In response, Milan Kundera writes: "I feel, therefore I am, is a truth much more universally valid, and it applies to everything that's alive." But Kundera is quoted less frequently. Why? I suspect it’s because we live in a culture that values thinking over feeling - and this inhibits our creativity.
As we get older we learn to control and suppress our inner feelings. It's necessary that we don’t take our feelings out on those around us – but if we continue to deny our inner experiences, we become desensitized to them.
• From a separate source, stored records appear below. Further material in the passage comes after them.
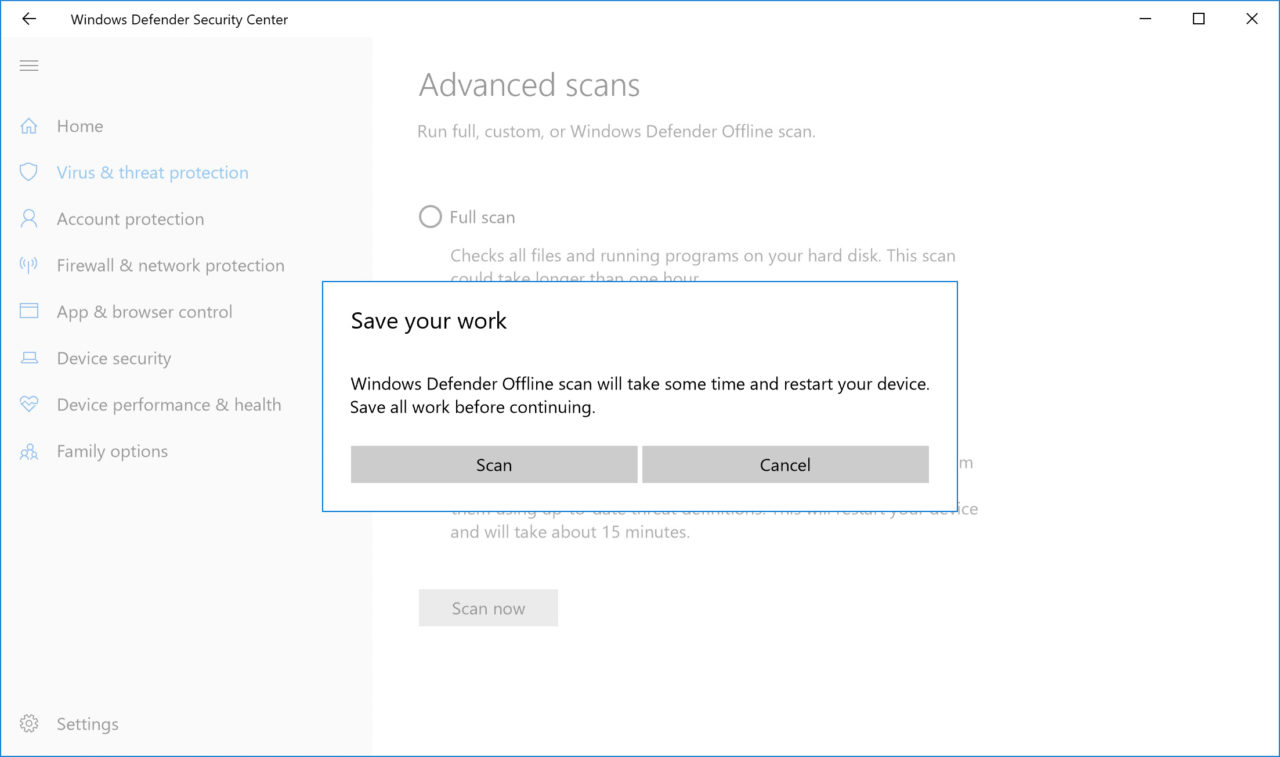 Windows Antivirus How to Run a Windows Defender Offline Scan
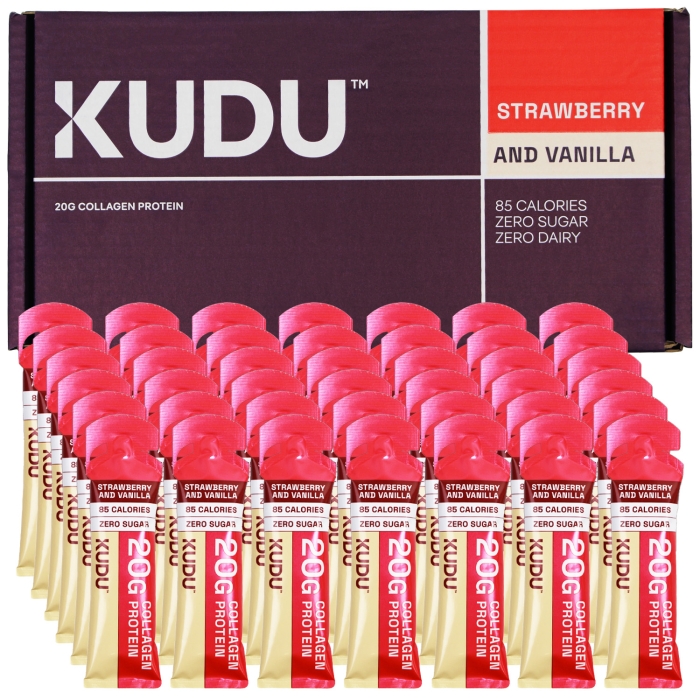 Kudu Liquid Collagen Sachets - Bovine Protein - Strawberry and Vanilla - 42 x 63 g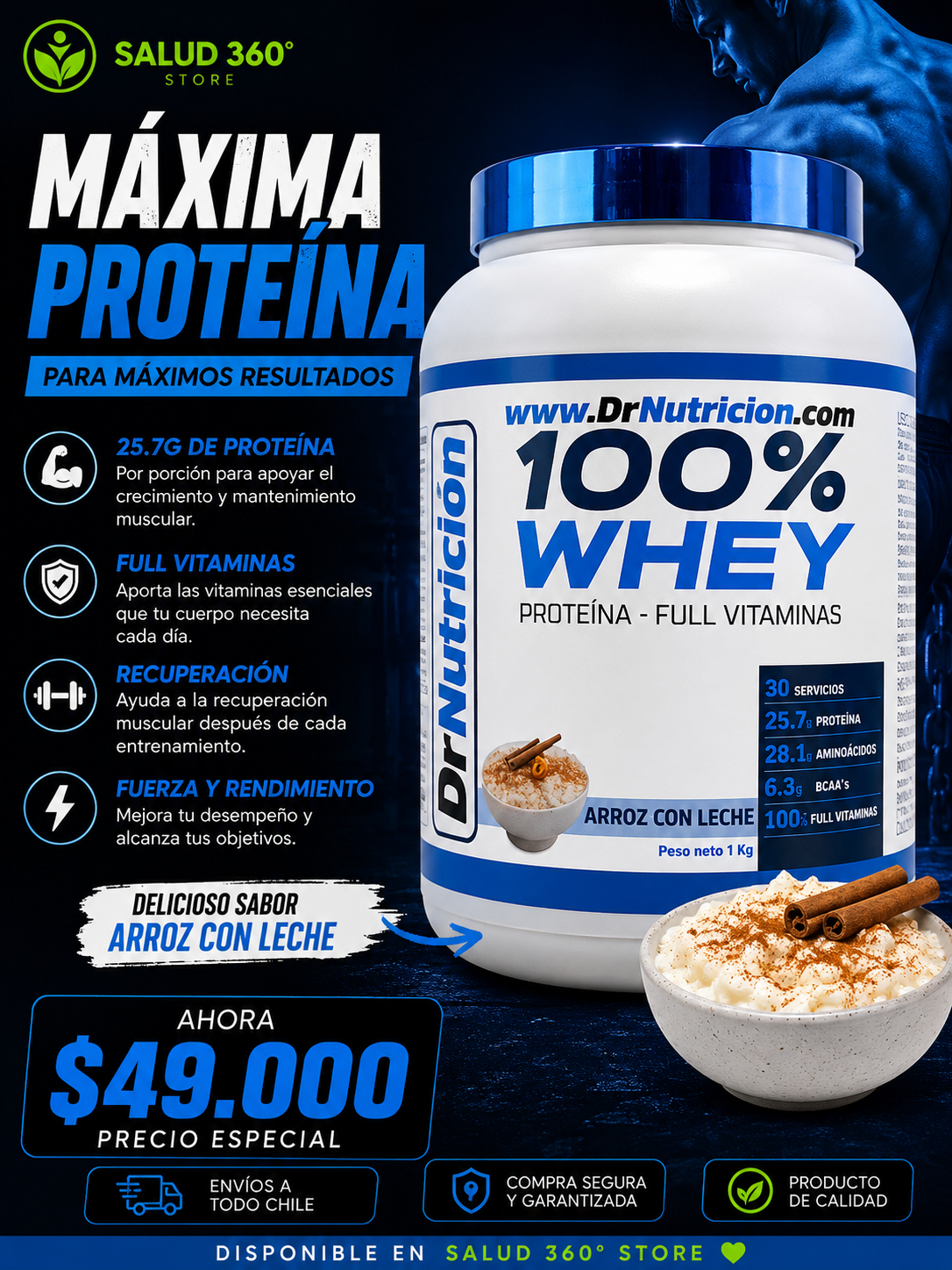 Proteina whey 2 lb dr nutricion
This damages our creativity because creativity relies as much on feelings as it does on intellect.
The education expert Ken Robinson, in his book Out of Our Minds says that "the persistence of this apparent dichotomy between reason and emotions presents real problems for education and for the general development of creative abilities." If we want to continue to grow and to be creative, we need to stay open and responsive to what we feel.
Being responsive is hard work. "In workshops," says Eric Booth, author of an incredible book, The Everyday Work of Art: Awakening the Extraordinary in Your Daily Life, "I am always struck by how hard it is for participants, of all ages, in all fields, to notice they are indeed having experiences. They do the activities, do them well, and have fine insights, but they resist considering what happens inside them during the experience as if it were important, worth noticing. Many have an ingrained bias that dismisses those inner events as inconsequential because they are intangible."
But we can learn to notice our feelings again. "As workshop participants are prompted to start noticing their experience,” says Booth, “their awareness flashes in fragile and ephemeral glimpses. Slowly, participants get a sense that those inner events are full of important, surprising information and accomplishments."
And noticing begets more noticing. When my mother started watercolour painting she became someone who noticed cloud formations and colours in the sky - and pointed them out to the rest of us. As a result, we began noticing them, too.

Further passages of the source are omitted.